1/89 SysTech Course.

1/90 SysTech Course.

9 Sqn Vung Tau, 1969.

35 Sqn, Townsville, 1982.

41 Elec Fitters Course, 1967.

Depot Doggies.

East Sale's U2.

Fred Heuke - Vung Tau.

Info on 9 Radmech/Tech.

NBN in the sky (37 Sqn).

The Winjeel.




Chris Freeman AM


I was on number 9 Radmech/tech in1967. I worked on Tacan and ATC and a few other things at Laverton and Amberley. I was commissioned in supply branch but left in 1972. I lost all my service records/photos in the 1974 Brisbane flood.


I wondered if anyone would have anything from my course?



If you can help, let us know and we’ll pass on the info to Chris. - tb




Neil Sievwright


We heard from David Porte, he said, "Hello, this is a long shot but in one of the photos on this website, you feature a group of young cadets from 1985. In that photo is a young man by the name of Neil Sievwright.
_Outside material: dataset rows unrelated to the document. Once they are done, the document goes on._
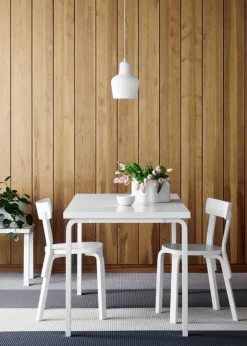 Artek Aalto pendant A440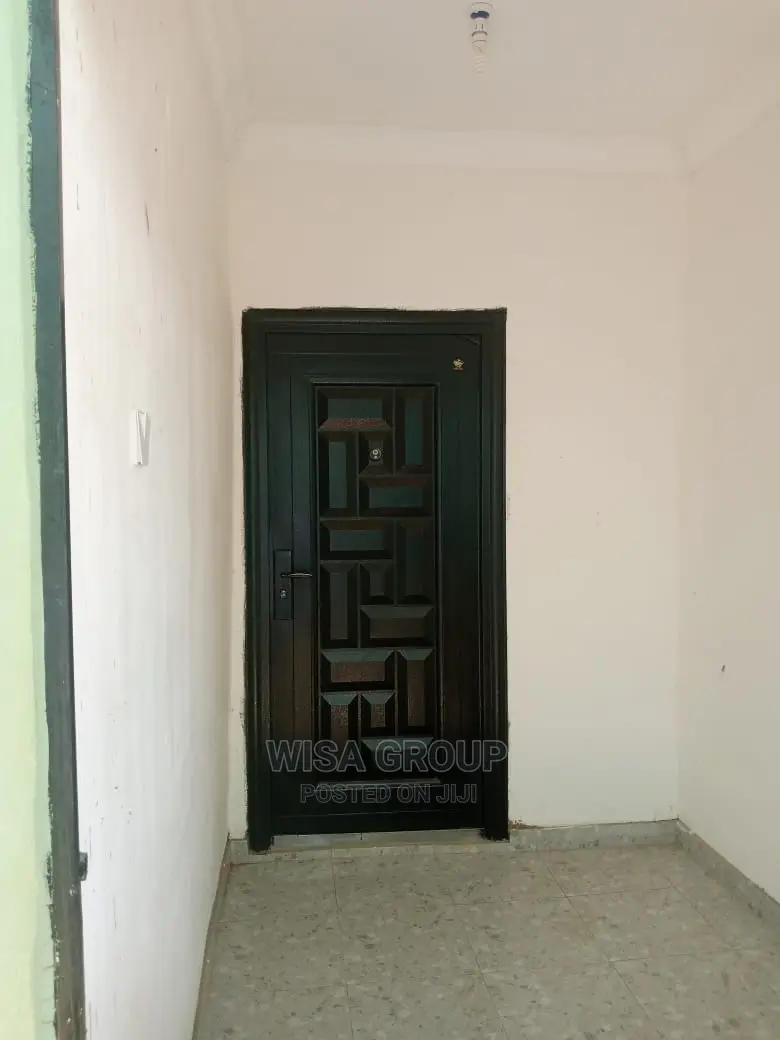 1bdrm Apartment in Wisa Groups, Accra Metropolitan for rent in Accra Metropolitan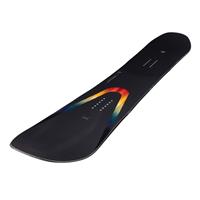 Men's Formula Rocker Snowboard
I went to school with Neil at Banksia Rd Public school in Greenacre NSW and we were good friends. I moved away as a kid and never saw him again and often wondered what happened to him.. is there any chance you have the ability to reach out to him on my behalf. Thank you."


If you can help here, please let us know and we'll pass on the info to David.




"Curly" Ware.


Curly got in touch, he said:  I was on 8 ground Radio Tech Course, switched to No 42 Telegs course, served about 2 years as a Teleg at Werribee, Frognall and Canberra Base Sqn, then on No 14 Sigs Course, graduated 1960 as Sgt, Plt Off 1963, left the RAAF as Flt Lt Oic Operative Sqn from Radschooll in 1968 aged 30 to join DCA as Air Traffic Controller - after three retirements from there, my final being Aug 2016 at 78 yrs of age.


Always happy to hear from anyone who I served with.


If you want to get in touch with Phil, let us know and we'll pass your details on.




Clive Bentley


Bob May is trying to get in touch with Clive Bentley, Clive was a WO Radtech at Willytown in the early 90s, if you can help, let us know and we'll pass on the information.




East Sale’s U2s


Kev Carroll, ASM, got in touch, he says:  A relly of mine is seeking any info/pics on the U2 deployment at East sale, mid sixties. I can’t help as I left ESale in the late 50’s. Would you kindly put the word out.


The aircraft in the pics below is the high altitude version of the B57, known as the RB57F, a licence built version of the Canberra. It was built in the US by the Glen L Martin company.






If anyone can help, let us know and we’ll pass on the info to Kev.   tb







35 Sqn, Townsville. 1982.


35 Sqn unit photo, taken at Townsville in 1982.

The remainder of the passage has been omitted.